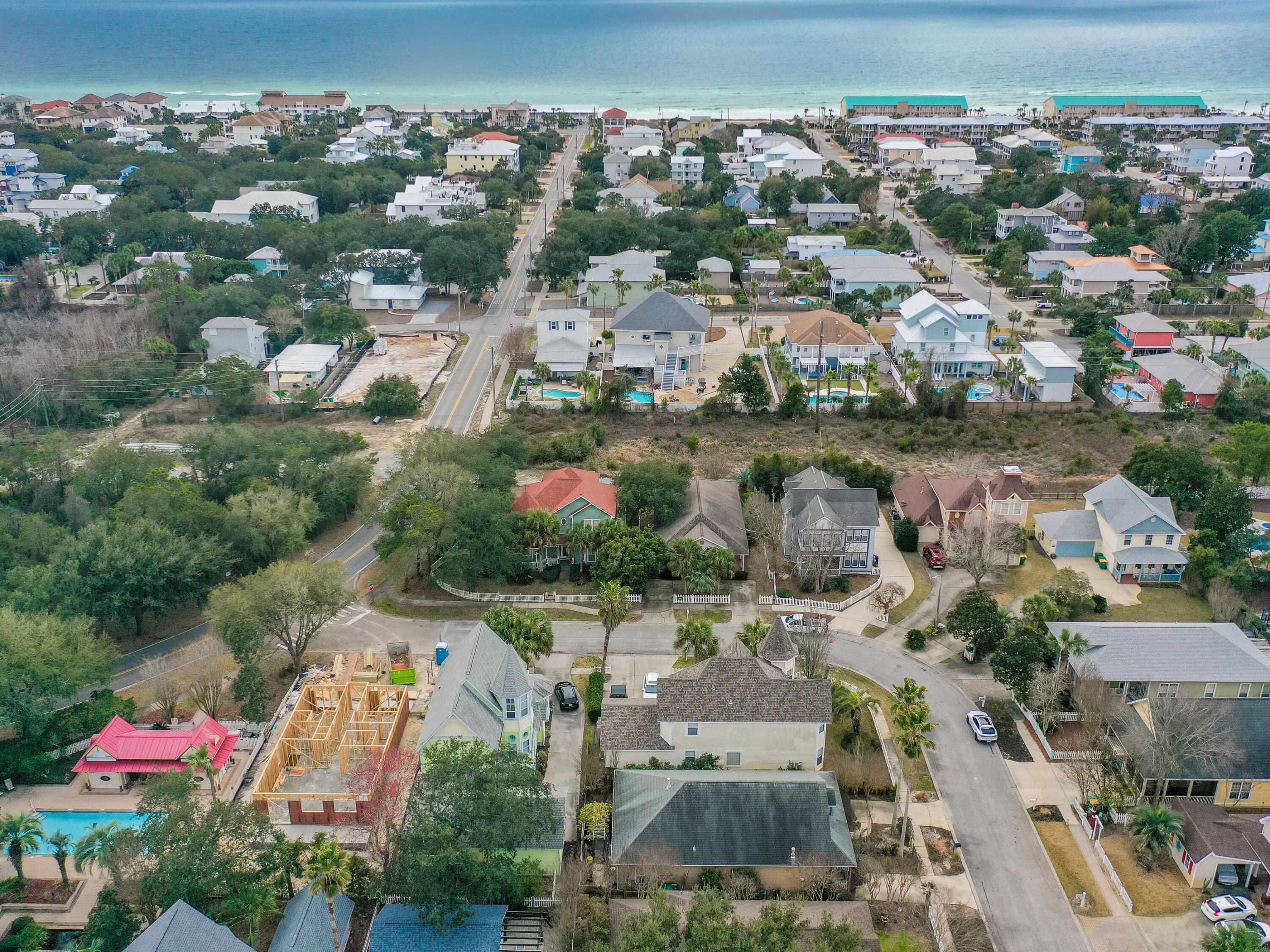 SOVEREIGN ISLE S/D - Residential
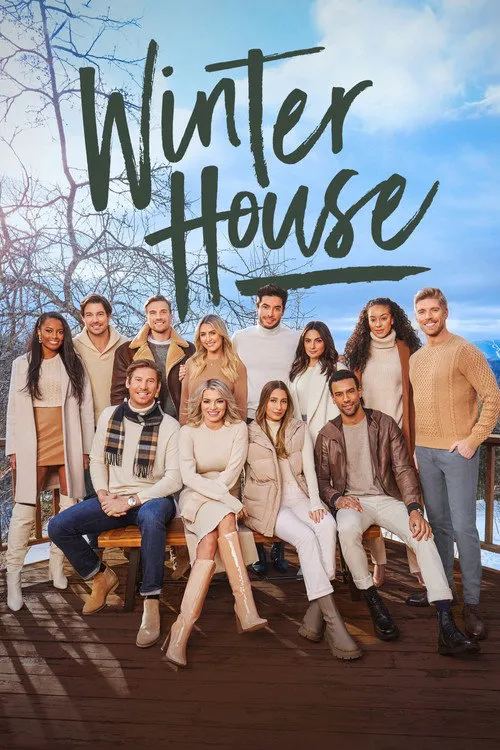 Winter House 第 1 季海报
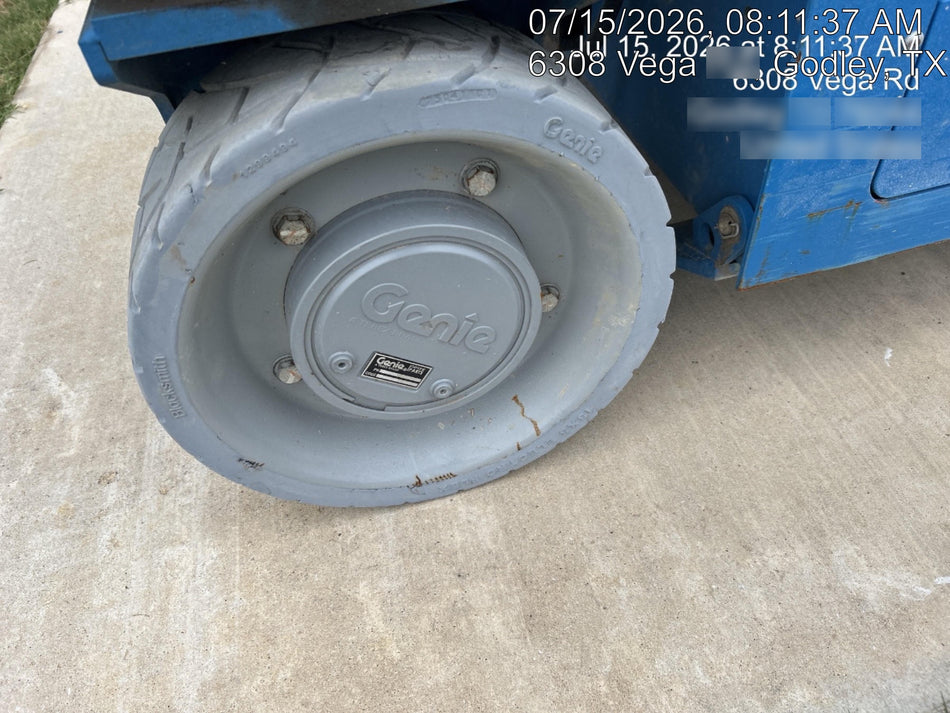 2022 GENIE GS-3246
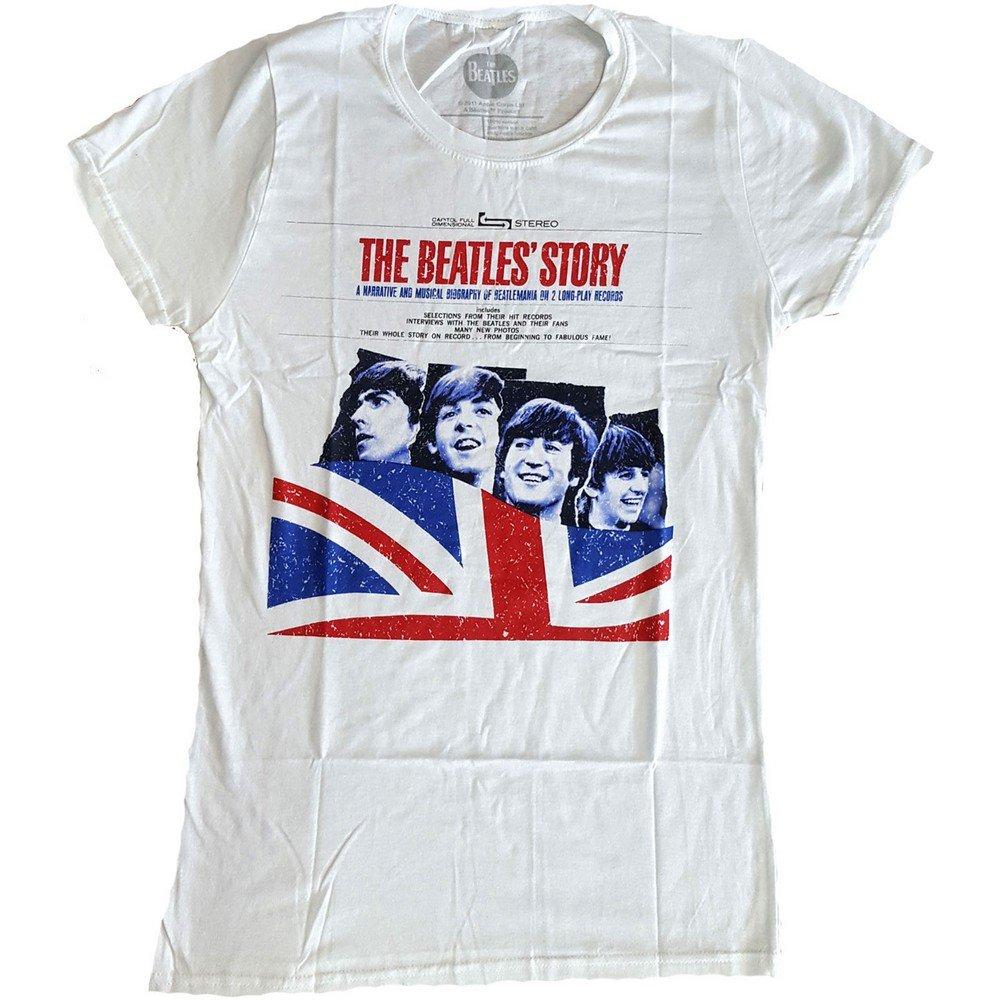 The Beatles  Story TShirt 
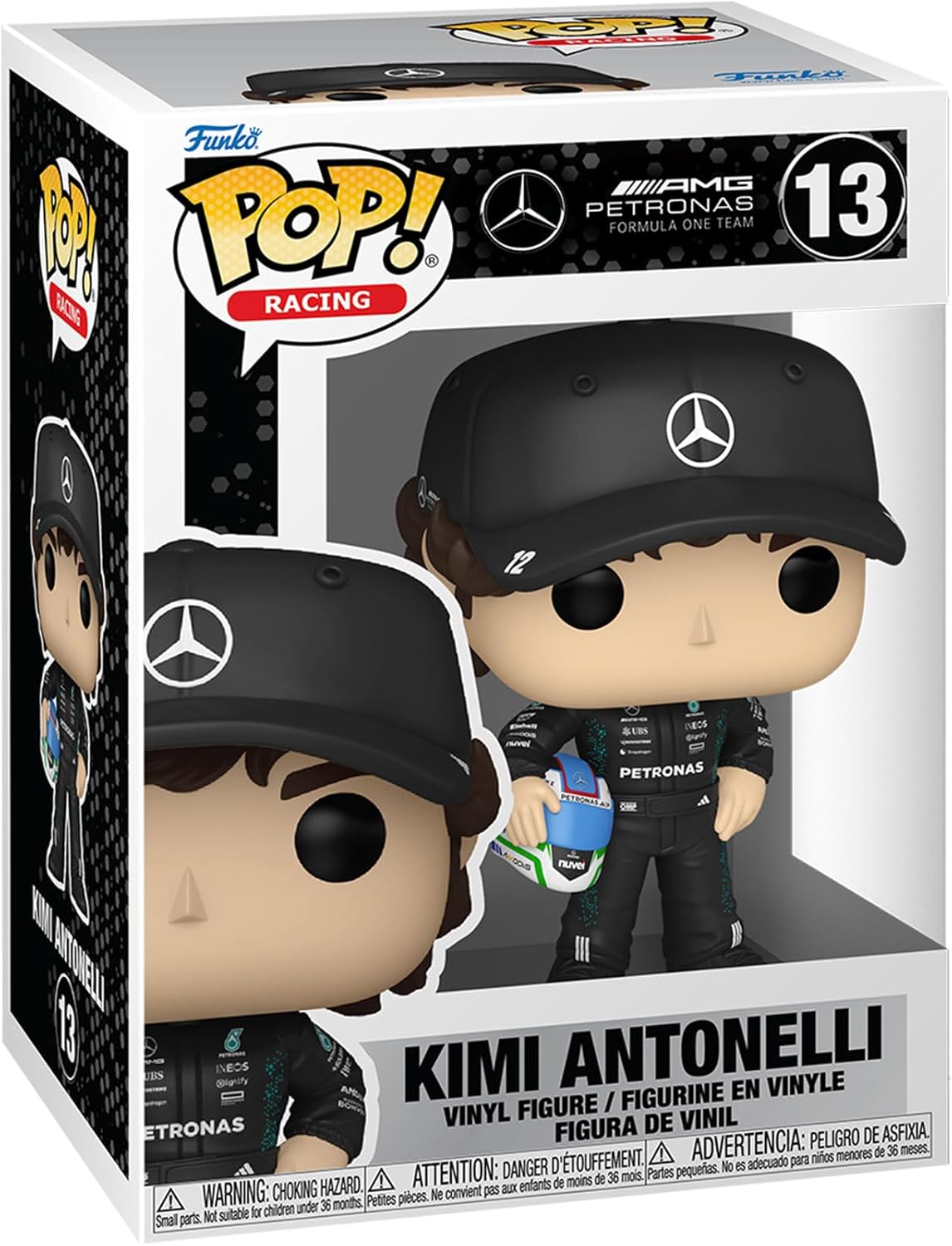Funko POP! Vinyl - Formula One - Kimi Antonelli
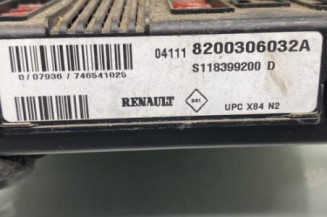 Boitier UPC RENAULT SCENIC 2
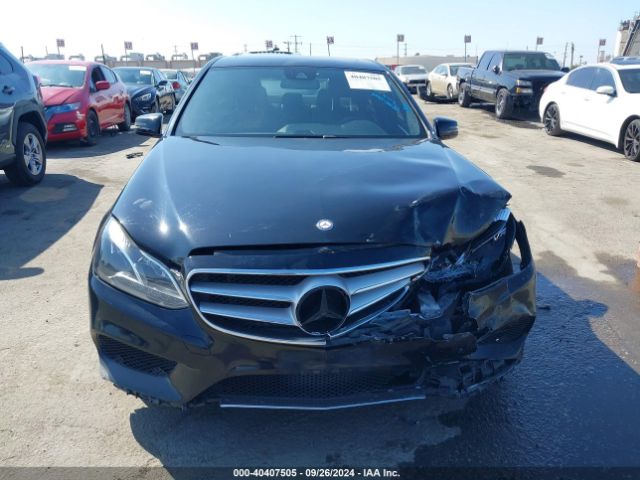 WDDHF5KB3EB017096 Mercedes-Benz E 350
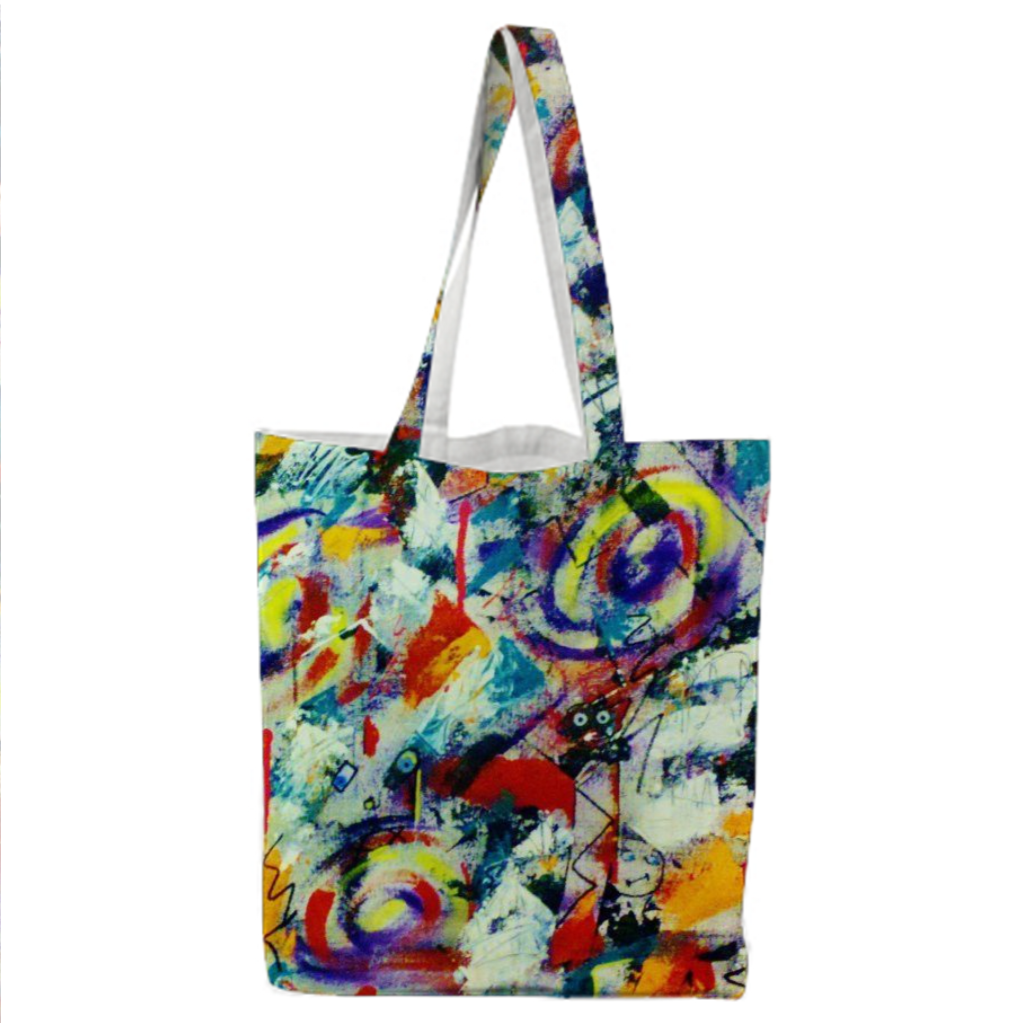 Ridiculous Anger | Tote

**Task statement**
Nothing but the text is wanted: repeat the data above exactly, without its images.

**Task solution**
 SOVEREIGN ISLE S/D - Residential
 Winter House 第 1 季海报
 2022 GENIE GS-3246
 The Beatles  Story TShirt 
Funko POP! Vinyl - Formula One - Kimi Antonelli
 Boitier UPC RENAULT SCENIC 2
 WDDHF5KB3EB017096 Mercedes-Benz E 350
 Ridiculous Anger | Tote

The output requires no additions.